Canopy Growth closed its fiscal year ended March 31, 2026 with consolidated net revenue of $284.6 million Canadian - a 6% increase over FY2025 - and a narrowed net loss from continuing operations, but the company has not yet reached positive adjusted EBITDA. The improvement is real; the finish line is not here yet. The company is now explicitly targeting positive adjusted EBITDA during fiscal 2027, with the bulk of year-over-year improvement expected in the second half of that year as MTL Cannabis integration costs wind down.

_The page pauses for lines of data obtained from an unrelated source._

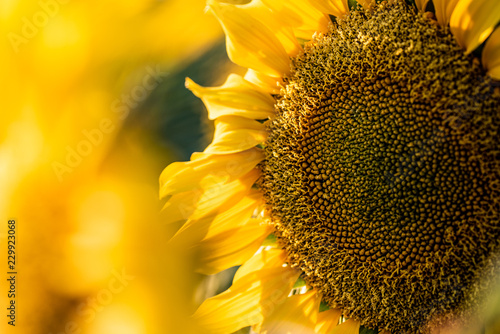 Fototapeta Naklejka Na Ścianę i Meble -  Sunflower close up sunny bright background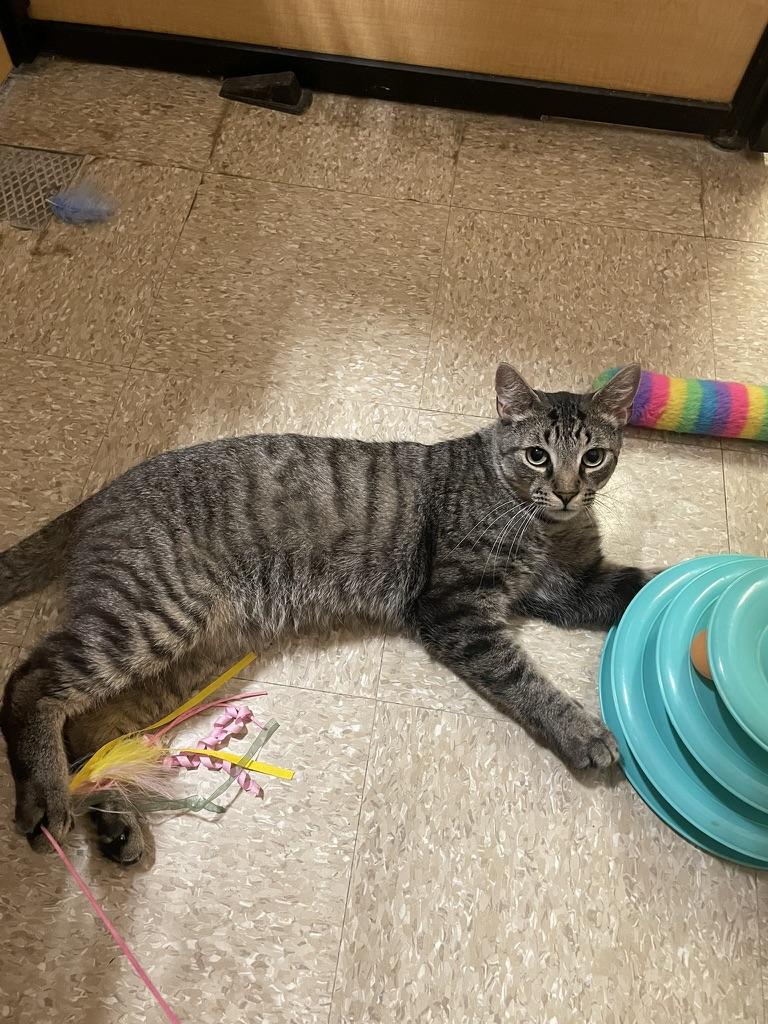 Woody, a ADOPTABLE mixed breed in Glenmont, NY image 2/6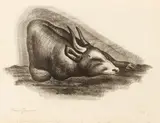 Marion Greenwood, Yak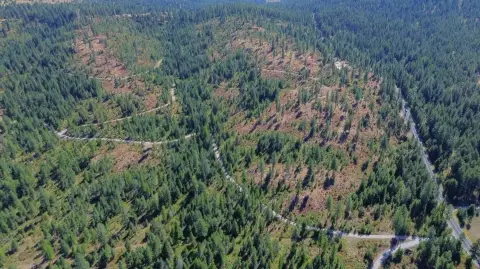 Timbered Acreage in Deer Park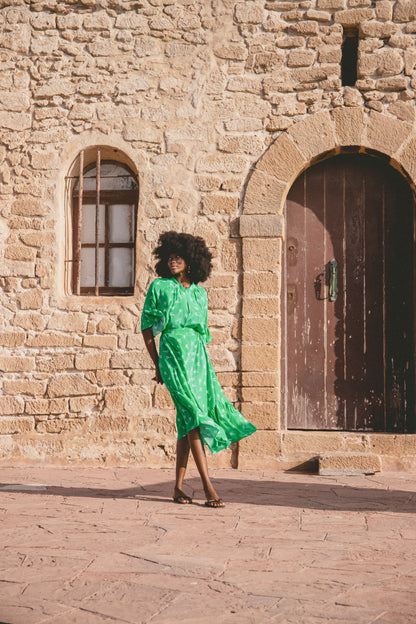 BLAZE DRESS | LOVEBIRDS PRINT
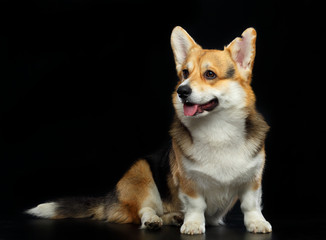 Welsh Corgi Cardigan Dog  Isolated  on Black Background in studio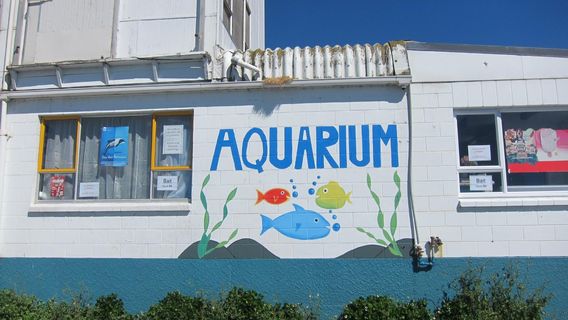 Kaikoura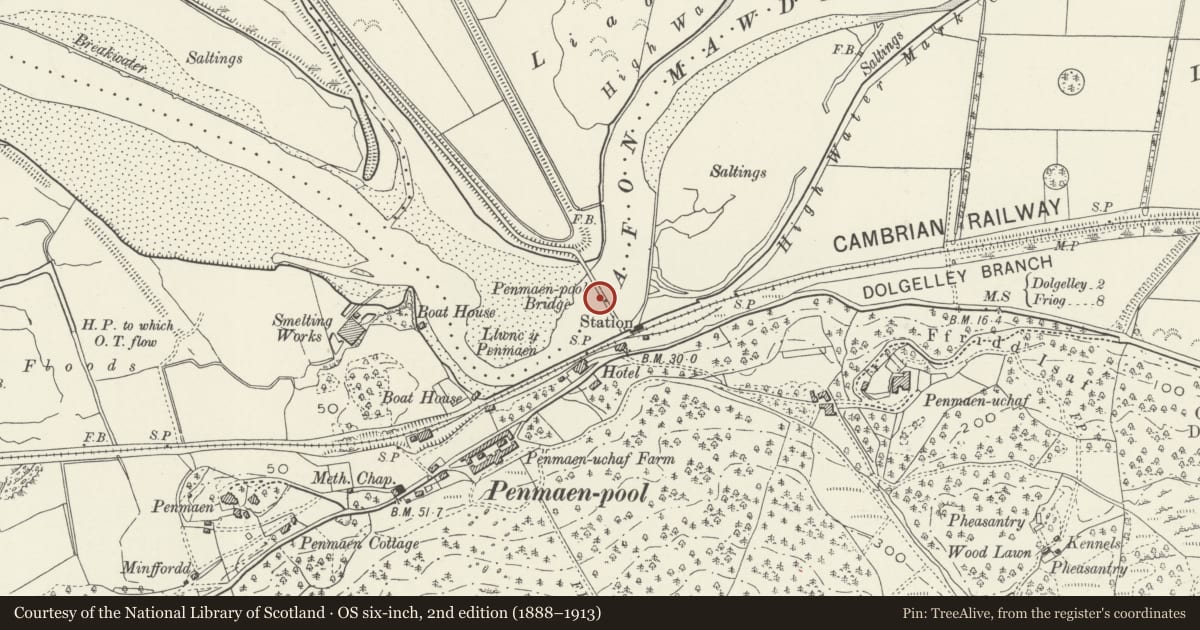 Ordnance Survey six-inch map, 2nd edition (1888–1913) covering the location of Penamenpool Bridge, Dolgellau, Gwynedd, with a pin at the register's coordinates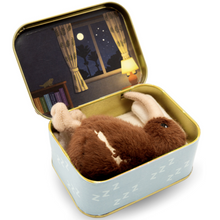 Load image into Gallery viewer, My Sleepy Kiwi Mini Soft Toy
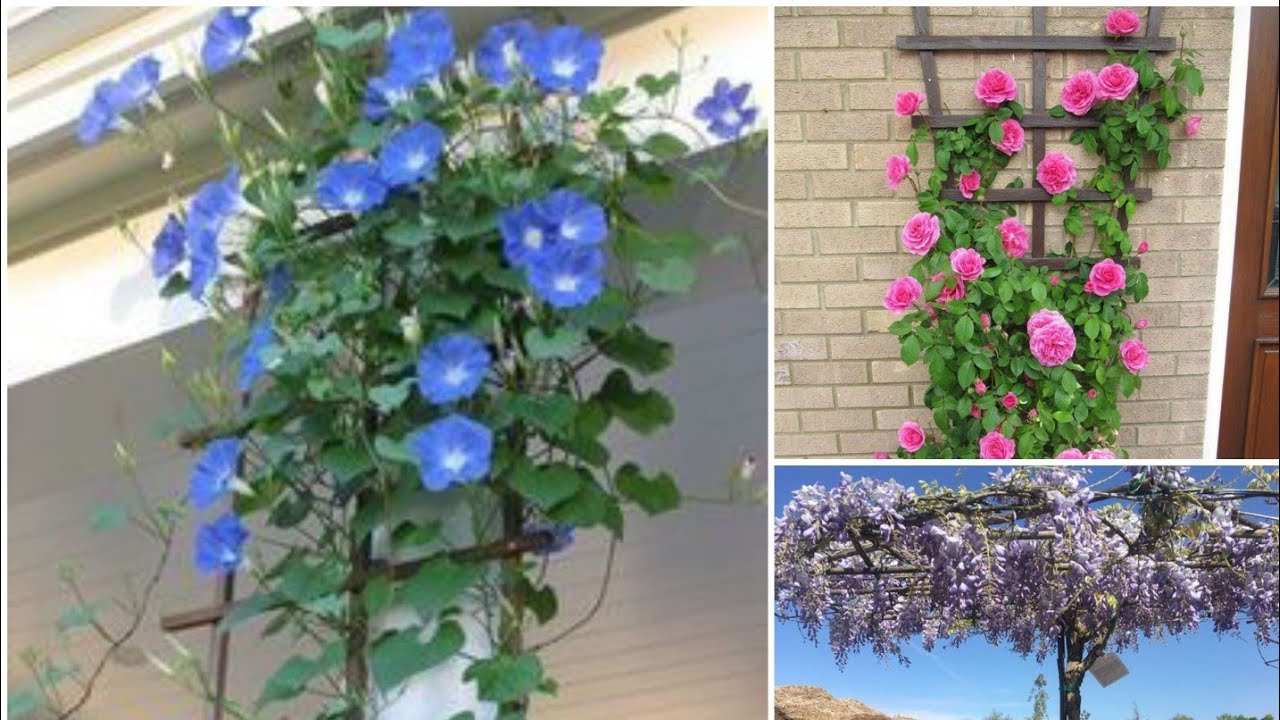 ИДЕИ ДЛЯ СКАЛОЛАЗАНИЯ! МНОГО ВДОХНОВЕНИЯ ДЛЯ ВАС!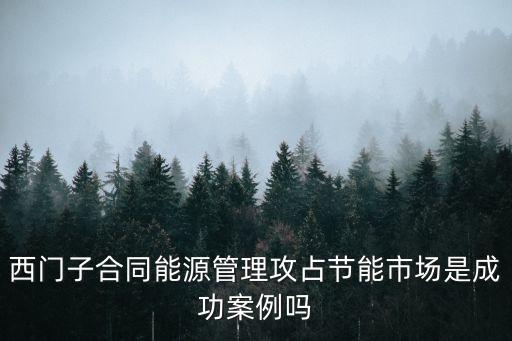 西門子合同能源管理攻占節(jié)能市場是成功案例嗎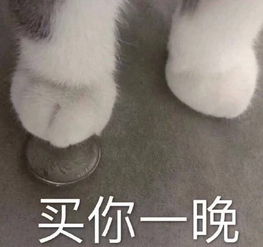 调皮搞笑专用的表情小姑娘,这么晚还不睡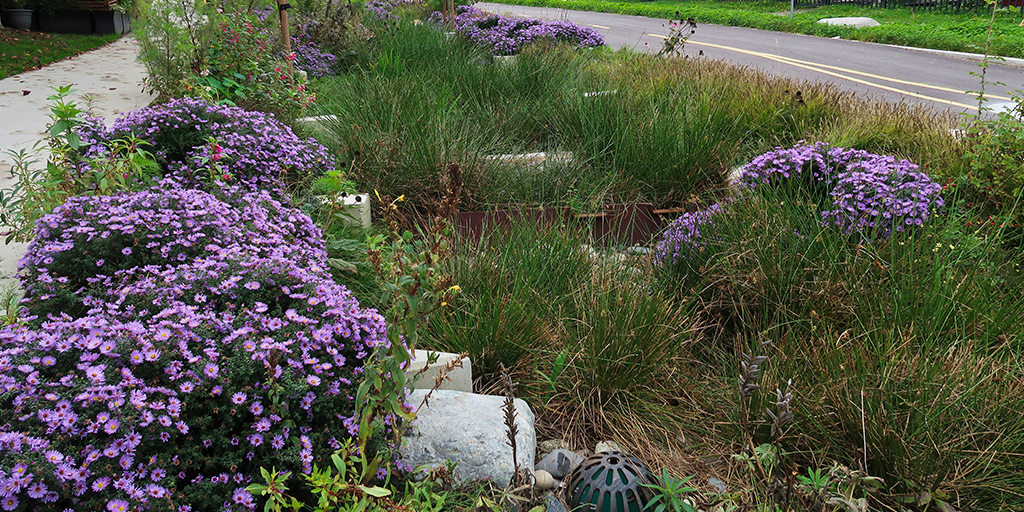 Integrated bioretention system. (Image: S. Careri)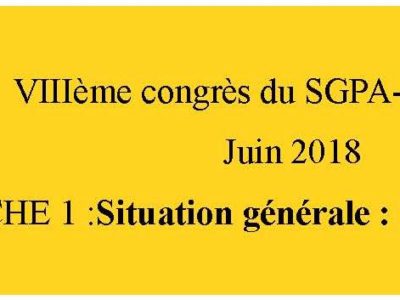 document d’orientation sgpa-cgt: fiche 1 La situation générale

For operators and suppliers watching cannabis market consolidation, the MTL Cannabis acquisition is the structural move that defines Canopy's FY2026 story. MTL added cultivation capacity and supply, but it also triggered $10.7 million in inventory write-offs in Q4 alone - a consequence of reconciling combined inventory levels post-close that pushed consolidated gross margin down to 12% for the quarter. That kind of one-time inventory pressure is a familiar cost in cannabis M&A, and it is worth understanding the mechanics: when two licensed producers merge, overlapping SKUs, shelf-life constraints, and compliance-driven batch tracking requirements can force write-downs that look ugly on a single quarter but reflect cleanup rather than ongoing operational failure. The same discipline applies at the retail end of the supply chain - operators running a cannabis pos system maine or any other regulated market know that inventory reconciliation isn't optional; seed-to-sale tracking requirements make accurate batch-level accounting a compliance obligation, not just a financial preference. Excluding the MTL-related inventory step-up and write-offs, Canopy's adjusted gross margin for Q4 FY2026 was 27%, compared to 19% in the same quarter the prior year - a meaningfully different picture.
Canada Medical Cannabis Drives the Growth Narrative
The clearest bright spot in FY2026 was Canada medical cannabis. Revenue reached $25.3 million in Q4 FY2026, up 27% year-over-year, driven by insured patient growth and a broader product assortment. For the full year, Canada medical cannabis revenue rose 18%. Canopy now describes itself as the leading medical cannabis provider in Canada by revenue - a position it is explicitly planning to extend into European markets.
Europe is the strategic bet here. International markets cannabis revenue fell 7% for the full year due to supply chain disruptions earlier in FY2026, but Q4 showed a sharp recovery - 68% growth versus Q4 FY2025 as those supply constraints were addressed. Supply chain execution in regulated cannabis export markets is operationally demanding: EU-GMP certification, country-specific import approvals, and batch documentation requirements create lead times and compliance friction that domestic operators rarely encounter. Canopy's ability to recover Q4 international revenue after stumbling mid-year suggests the underlying logistics infrastructure is functioning, even if it proved brittle under pressure.
Storz & Bickel Faces a Tougher Market
Not every segment improved. Storz & Bickel - Canopy's Germany-based premium vaporizer brand - posted $70.7 million in revenue for FY2026, down 14% from FY2025. Gross margin contracted from 37% to 33% for the year, with tariffs on U.S. imports and geographic mix shifts compounding the impact of weaker consumer demand. The company recorded $67.1 million in asset impairment and restructuring charges in FY2026, primarily tied to Storz & Bickel goodwill and brand impairments alongside employee restructuring costs. That is a significant non-cash charge, and it reflects a realistic reassessment of what was paid versus what the business is delivering in the current consumer environment.
The new VEAZY vaporizer, launched in September 2025, is positioned in the more accessible price tier - a deliberate move toward affordability and portability. Whether that repositioning gains traction will be visible in FY2027 results. The thing is, consumer-facing hardware in cannabis accessories competes against a wide range of price points, and brand premium only holds if distribution and product quality consistently back it up.
Balance Sheet Repair Changes the Strategic Equation
The most consequential number in Canopy's FY2026 results may not be revenue at all. The company ended the fiscal year with a net cash position of $131.3 million Canadian, compared to net debt of $172.6 million at the end of FY2025 - a swing of roughly $304 million. Free cash outflow also improved sharply, from $176.6 million in FY2025 to $69.1 million in FY2026. For a cannabis company that has spent years burning cash while restructuring, that balance sheet shift materially reduces refinancing risk and gives management the flexibility to execute without a creditor deadline driving decisions.
SG&A fell 6% year-over-year in FY2026, reflecting headcount reductions and lower third-party costs across insurance, professional fees, and IT. These are real operating savings, not accounting adjustments. The adjusted EBITDA loss narrowed to $20.2 million for FY2026 from $23.5 million in FY2025 - modest progress, but directionally consistent with the FY2027 profitability target. Canada adult-use cannabis, meanwhile, posted 20% full-year revenue growth, supported by infused pre-roll joints and new vaporizer formats - categories that have shown consistent demand across several regulated markets. The adult-use side of the business is not the company's primary focus in its forward strategy, but it is not a drag either.